Da una parte oltre 130 strutture per l’infanzia che nelle Marche, nonostante lo stop governativo, si ritrovano a sostenere spese fisse di gestione. Dall’altra le famiglie, chiamate a pagare un canone mensile, senza aver usufruito del servizio per il mese di marzo.

Scuole chiuse e bambini a casa. Ma per le strutture private i costi fissi, come ad esempio i compensi dei dipendenti, restano in piedi. Ecco quindi che asili nido e scuole dell’infanzia non comunali, anche nella nostra regione, chiedono alle famiglie il pagamento della retta mensile, nonostante il servizio sia di fatto venuto meno con lo stop imposto dai decreti governativi.

Non esistono linee guida da rispettare. Le strutture possono decidere in autonomia come comportarsi: alcune hanno applicato uno sconto, in particolare laddove la mensilità includeva spese “extra”, quali ad esempio quella del servizio mensa; altre invece hanno comunque richiesto l’erogazione dell’intero importo.

Nel decreto Cura Italia non è stato previsto alcun rimborso: se da una parte sono state inserite misure di supporto alle famiglie come il bonus baby sitter e l’aumento del congedo parentale, dall’altra chi paga una scuola privata è finito nel dimenticatoio. Sulla questione è intervenuto anche il Condacons: l’associazione dei consumatori ha sottolineato come lo stanziamento di somme per la copertura di questi costi sarebbe una boccata d’aria importante per le famiglie e per un settore, quello delle scuole private appunto, che in assenza di pagamenti finirebbe in ginocchio.
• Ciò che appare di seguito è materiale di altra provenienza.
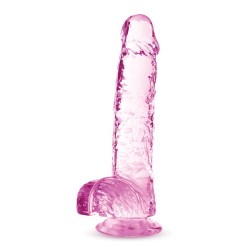 Blush Naturally Yours 6" Crystalline Dildo - Rose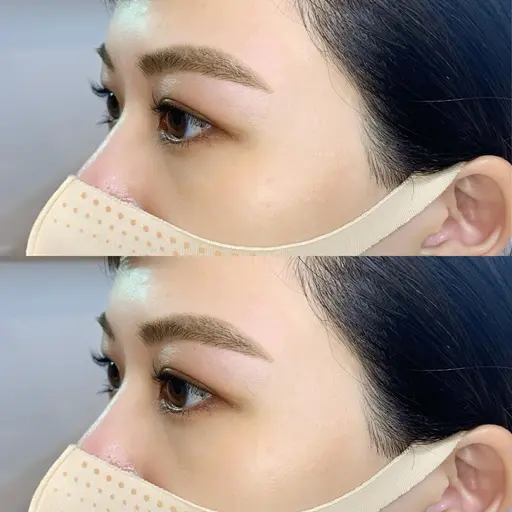 アイブロウWAX脱毛とパリジェンヌラッシュリフトのセットクーポンです🍋💜眉毛の自己処理は最低2週間はお控えください。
Lo stesso Codacons ha anche sottolineato come in realtà se nel contratto stipulato al momento dell’iscrizione non c’è alcuna clausola che prevede il pagamento della retta anche in presenza di chiusura per causa di forza maggiore, la famiglia di fatto non è tenuta a pagare nulla.

Per i nidi resta in piedi il rimborso tramite bonus nido, la cui domanda può essere effettuata dal sito dell’INPS.